If you are using the AIX Loadable Authentication Module (LAM), users who do not have the PAM login-all right can still log in. For example, an Active Directory user joined to the zone with the AIX computer and assigned to a role that does NOT include the login-all right can, in fact, log in to the AIX servers using the LAM interface. This is because the LAM interface does not use the rights defined in the user’s Centrify role to control access. If the same server is configured with the PAM authentication module, that user would not be able to log in.
To control user log in activity, you have two choices:
- Keep the LAM interface and use one of the following PAM configuration parameters to define who has or does not have access:
- pam.allow.groups: This configuration parameter specifies the groups allowed to access PAM-enabled applications.
- pam.allow.users: This configuration parameter specifies the users who are allowed to access PAM-enabled applications.
- pam.deny.groups: This configuration parameter specifies the groups that should be denied access to PAM-enabled applications.
- pam.deny.users: This configuration parameter specifies the users that should be denied access to PAM-enabled applications.

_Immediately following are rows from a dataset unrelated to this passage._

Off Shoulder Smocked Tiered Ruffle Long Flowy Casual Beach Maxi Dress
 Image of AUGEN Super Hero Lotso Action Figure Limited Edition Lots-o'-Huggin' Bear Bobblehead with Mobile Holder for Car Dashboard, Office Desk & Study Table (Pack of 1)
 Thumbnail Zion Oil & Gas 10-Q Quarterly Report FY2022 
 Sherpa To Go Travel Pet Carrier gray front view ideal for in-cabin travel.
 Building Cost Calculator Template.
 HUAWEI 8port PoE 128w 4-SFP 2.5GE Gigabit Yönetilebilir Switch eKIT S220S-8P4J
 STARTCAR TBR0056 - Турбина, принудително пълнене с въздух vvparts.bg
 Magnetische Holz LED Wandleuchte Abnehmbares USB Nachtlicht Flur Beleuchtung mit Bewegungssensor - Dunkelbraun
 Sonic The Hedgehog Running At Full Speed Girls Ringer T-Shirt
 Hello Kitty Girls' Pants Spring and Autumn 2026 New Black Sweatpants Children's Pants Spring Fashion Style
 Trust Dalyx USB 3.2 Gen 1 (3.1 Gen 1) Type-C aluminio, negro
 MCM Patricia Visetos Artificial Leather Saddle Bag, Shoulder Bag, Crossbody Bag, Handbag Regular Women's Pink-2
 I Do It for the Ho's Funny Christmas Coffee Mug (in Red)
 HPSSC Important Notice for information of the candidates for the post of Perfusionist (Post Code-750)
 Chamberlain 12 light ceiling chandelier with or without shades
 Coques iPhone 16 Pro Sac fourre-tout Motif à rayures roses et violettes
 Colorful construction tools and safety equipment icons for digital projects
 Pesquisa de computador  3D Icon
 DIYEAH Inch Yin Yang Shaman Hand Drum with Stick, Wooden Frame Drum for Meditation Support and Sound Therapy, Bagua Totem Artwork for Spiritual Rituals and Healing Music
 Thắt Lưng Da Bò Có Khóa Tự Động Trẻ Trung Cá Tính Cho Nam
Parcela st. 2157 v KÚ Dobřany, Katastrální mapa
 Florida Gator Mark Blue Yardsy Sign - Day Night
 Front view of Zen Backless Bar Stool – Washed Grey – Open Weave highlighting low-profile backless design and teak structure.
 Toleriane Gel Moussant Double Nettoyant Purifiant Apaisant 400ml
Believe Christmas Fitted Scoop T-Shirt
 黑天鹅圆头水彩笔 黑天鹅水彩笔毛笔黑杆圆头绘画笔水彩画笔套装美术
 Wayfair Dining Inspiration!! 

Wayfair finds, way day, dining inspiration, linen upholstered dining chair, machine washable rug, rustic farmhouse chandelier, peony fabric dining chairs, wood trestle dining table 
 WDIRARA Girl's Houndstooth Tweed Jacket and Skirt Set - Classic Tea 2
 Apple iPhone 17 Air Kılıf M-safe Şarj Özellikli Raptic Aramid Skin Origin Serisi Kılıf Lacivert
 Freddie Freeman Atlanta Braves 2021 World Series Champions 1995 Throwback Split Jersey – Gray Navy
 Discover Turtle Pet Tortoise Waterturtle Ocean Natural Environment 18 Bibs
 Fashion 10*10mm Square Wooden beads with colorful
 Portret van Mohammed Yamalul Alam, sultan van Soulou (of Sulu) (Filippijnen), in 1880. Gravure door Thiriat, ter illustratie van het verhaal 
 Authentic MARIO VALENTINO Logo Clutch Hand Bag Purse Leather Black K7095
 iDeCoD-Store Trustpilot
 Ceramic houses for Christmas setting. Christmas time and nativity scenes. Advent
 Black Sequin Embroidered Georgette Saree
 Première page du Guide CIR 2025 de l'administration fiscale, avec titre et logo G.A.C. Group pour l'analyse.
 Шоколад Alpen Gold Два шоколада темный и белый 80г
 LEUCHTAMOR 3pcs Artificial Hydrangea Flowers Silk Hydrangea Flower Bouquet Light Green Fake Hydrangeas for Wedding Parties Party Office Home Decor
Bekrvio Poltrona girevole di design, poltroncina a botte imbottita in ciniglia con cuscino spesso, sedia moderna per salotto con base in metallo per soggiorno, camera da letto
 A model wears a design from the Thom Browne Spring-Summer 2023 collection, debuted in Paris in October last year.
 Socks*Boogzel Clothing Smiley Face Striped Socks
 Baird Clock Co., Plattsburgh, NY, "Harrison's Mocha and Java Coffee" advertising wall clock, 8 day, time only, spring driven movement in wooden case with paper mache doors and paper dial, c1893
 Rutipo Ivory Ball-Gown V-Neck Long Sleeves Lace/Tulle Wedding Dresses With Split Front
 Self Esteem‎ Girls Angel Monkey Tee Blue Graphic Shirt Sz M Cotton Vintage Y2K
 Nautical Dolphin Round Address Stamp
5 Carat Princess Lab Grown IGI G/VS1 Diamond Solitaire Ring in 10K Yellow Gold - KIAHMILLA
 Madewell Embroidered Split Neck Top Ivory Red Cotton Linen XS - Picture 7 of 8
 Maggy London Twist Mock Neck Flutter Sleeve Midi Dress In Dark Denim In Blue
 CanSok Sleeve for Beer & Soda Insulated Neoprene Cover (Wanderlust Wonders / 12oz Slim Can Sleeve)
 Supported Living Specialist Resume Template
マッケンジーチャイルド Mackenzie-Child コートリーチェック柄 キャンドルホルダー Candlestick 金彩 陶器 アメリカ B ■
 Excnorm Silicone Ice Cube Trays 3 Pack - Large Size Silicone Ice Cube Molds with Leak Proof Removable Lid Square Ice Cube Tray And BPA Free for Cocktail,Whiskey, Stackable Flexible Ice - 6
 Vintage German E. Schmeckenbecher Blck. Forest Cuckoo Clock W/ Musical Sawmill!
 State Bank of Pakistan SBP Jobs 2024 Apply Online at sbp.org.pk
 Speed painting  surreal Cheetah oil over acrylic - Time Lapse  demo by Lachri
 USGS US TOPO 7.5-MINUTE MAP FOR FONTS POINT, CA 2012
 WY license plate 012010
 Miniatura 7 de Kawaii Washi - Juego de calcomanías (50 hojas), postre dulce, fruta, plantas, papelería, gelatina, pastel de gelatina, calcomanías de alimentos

- Replace the LAM interface with PAM. See the IBM AIX documentation for the instructions. The conversion procedure is fairly simple, however, you should test all applications on the server to ensure that they work the same with PAM. In addition, if you are using Centrify OpenSSH there are two versions: one for LAM and one for PAM. Both a LAM and PAM versions are distributed in the package. If you convert to PAM, uninstall the LAM version and install the PAM version.